[Mesa-dev] [PATCH v3 1/8] intel: devinfo: store number of EUs per subslice

Lionel Landwerlin lionel.g.landwerlin at intel.com
Wed Mar 21 14:12:46 UTC 2018


This will be reused to store values reported by the kernel. The main
use case will be for use as the input values of the metric sets
equations for the INTEL_performance_queries extension. By storing this
information in the gen_device_info we make this non GL specific so
this can be reused by Vulkan if we ever have an equivalent extension.

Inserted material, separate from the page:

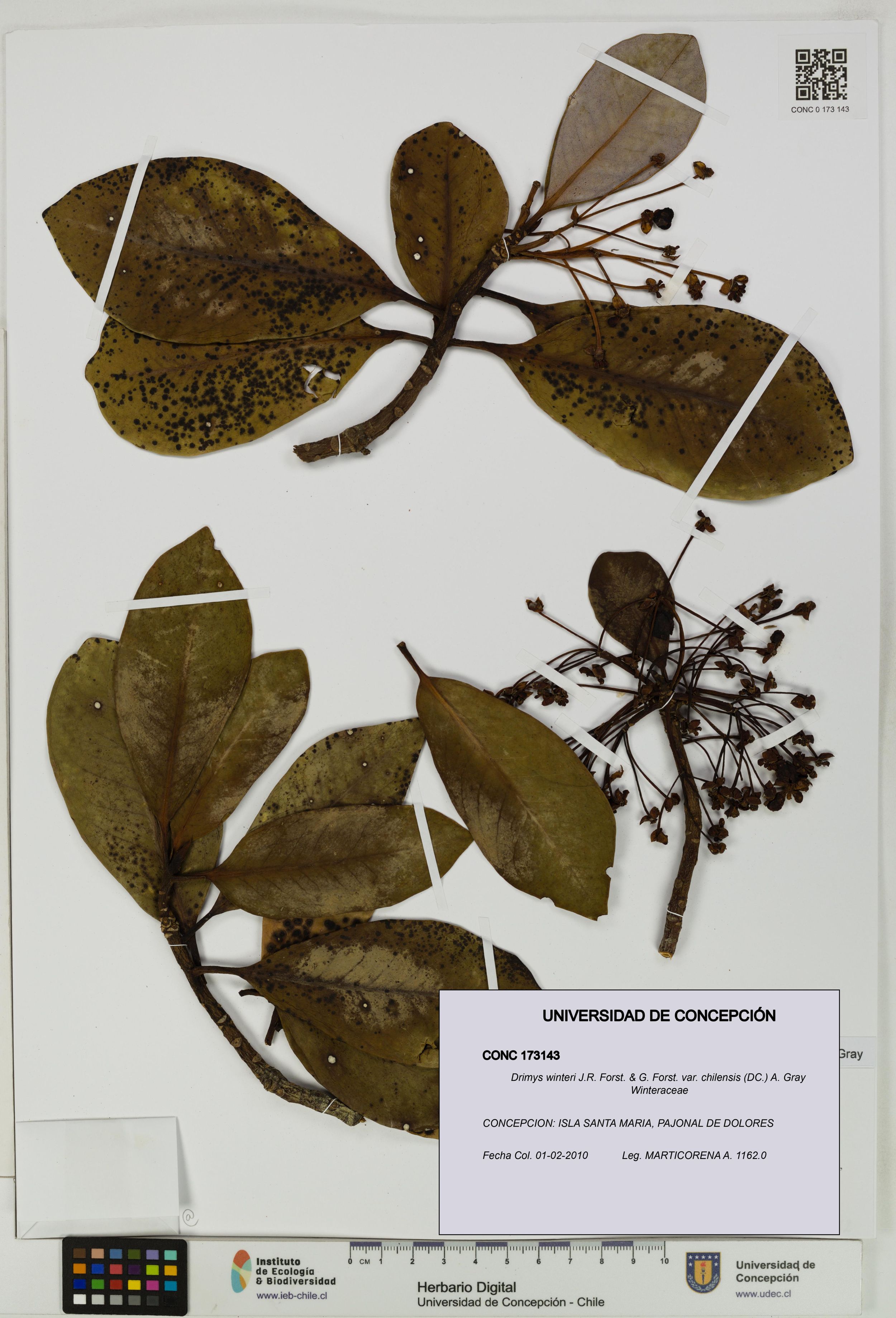 Drimys winteri var. chilensis [Espécimen: ]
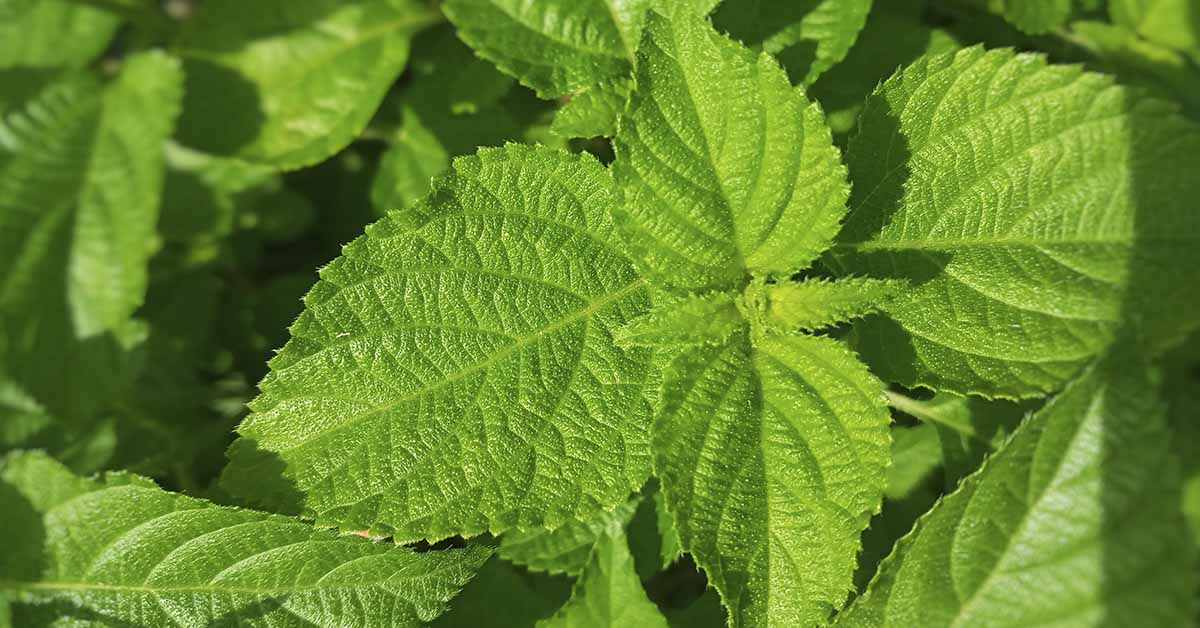 mint leaves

Signed-off-by: Lionel Landwerlin <lionel.g.landwerlin at intel.com>
Reviewed-by: Kenneth Graunke <kenneth at whitecape.org>
---
 src/intel/dev/gen_device_info.c | 35 +++++++++++++++++++++++++++++++++--
 src/intel/dev/gen_device_info.h |  5 +++++
 2 files changed, 38 insertions(+), 2 deletions(-)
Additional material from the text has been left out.